- Nickname: Cas
- Born: 7 June 1913 Folkestone, United Kingdom
- Died: 2006 (aged 93)
- Allegiance: United Kingdom
- Branch: Royal Air Force
- Rank: Squadron Leader
- Commands: No. 2 Armoured Car Company RAF
- Conflicts: World War II Second Battle of El Alamein;
- Awards: Military Cross

= Michael Casano =

Michael Peter Casano, MC (7 June 1913 – 2006), was a Squadron Leader in the Royal Air Force during the Second World War.

He is probably best remembered as the leader of the force of armoured cars that took part in the Relief of Habbaniyah, in Iraq in 1941.

==Early life==

Casano was born on 7 June 1913 at Folkestone and educated at Dover College. He had a brother, Frederick Roderick, known as Rodney, and a sister, Eileen. Having failed the entrance examination to the RAF College, Cranwell he joined the East Kent Regiment but bought himself out to gain a commission in the RAF three years later.

Casano learned to fly in Egypt but a serious accident (leading to a fractured skull) meant that he was posted onto armoured cars, in 1936. RAF armoured cars operating on Internal Security duties in Palestine at this time, alongside the Army armoured cars of the 11th Hussars, during what was then called the Arab Revolt.

==War service==

On the outbreak of War with Italy, in June 1940, Flight Lieutenant Casano was serving with No. 2 Armoured Car Company RAF at Amman in the Transjordan. In September of that year, the Army requested assistance for its hard-pressed armoured reconnaissance regiment, whose small force of armoured cars had to cover the vastness of the Western Desert almost single-handed. Flt Lt Casano took two Sections of 2 ACC, of six cars each, to Egypt, to help the Army in formation reconnaissance duties, the traditional cavalry screen, patrolling the border with the large Italian force in Libya. The Army regiment was the old colleagues the 11th Hussars and the RAF cars were soon incorporated, as 'D' Sqn., with Casano as Squadron Commander. The RAF unit took part in the great Battle of Bardia, in December 1940, when the daring of a smaller British Empire force blocked the hesitant advance into Egypt. The Commonwealth forces then seized the initiative and pushed the enemy back as far as El Agheila, in the next few weeks, with D Sqn. acting as flank protection on the Desert flank. In February 1941, after 5 months of very hard, but very successful campaigning, the RAF vehicles were released, to return to Amman for rest and refit. Losses were just 5 wounded or otherwise injured. The vehicles were elderly Rolls-Royce armoured car bodies, refurbished on a rather less exalted Fordson, but durable, truck chassis. After this brilliant baptism of fire, Casano was soon promoted and given command of the whole Company.

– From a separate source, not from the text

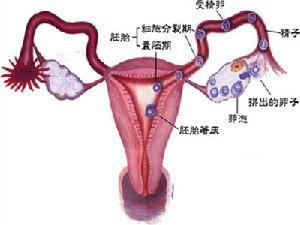 北京不孕不育医院专家揭秘输卵管肿瘤典型的三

It was with No.2 ACC that Casano cemented his reputation a couple of months later. The company was by then back in Egypt, on Ground Defence duties. protecting the airfields of the Desert Air Force, when they were called to help relieve their colleagues of No.1 Armoured Car Company RAF at RAF Habbaniya in Iraq. During the fighting over the Fallujah Plain near Baghdad in the summer of 1941, Casano won his MC. The citation reads:

"The successes of the 'HAB' force, both in Iraq and Syria, were largely due to this officer; he operated virtually alone, and his zeal and devotion to duty deserves the highest praise. He displayed the greatest gallantry."

In November 1942 he led the company during the Second Battle of Alamein, and then onwards, across Libya.

On 6 March 1943 Casano was badly wounded in a German air attack and whilst recovering he met Major-General Sir John Glubb (Glubb Pasha); the outcome of this meeting was he joined Sir John in the Arab Legion to take command of their armoured cars.

==Later life==

Michael Casano - his surname is frequently misspelled - was granted a permanent commission and continued to serve in the RAF after the war, before retiring in 1958. He returned to his home town, in Kent, and became a driving instructor. In Folkestone, he was a notable figure and a keen member of the Folkestone Rowing Club.

Casano married Helen in 1943. The couple had a daughter.

Casano died in 2006 and a plaque to his memory was placed on the - then - newly restored Bandstand, on the Leas, shortly afterwards.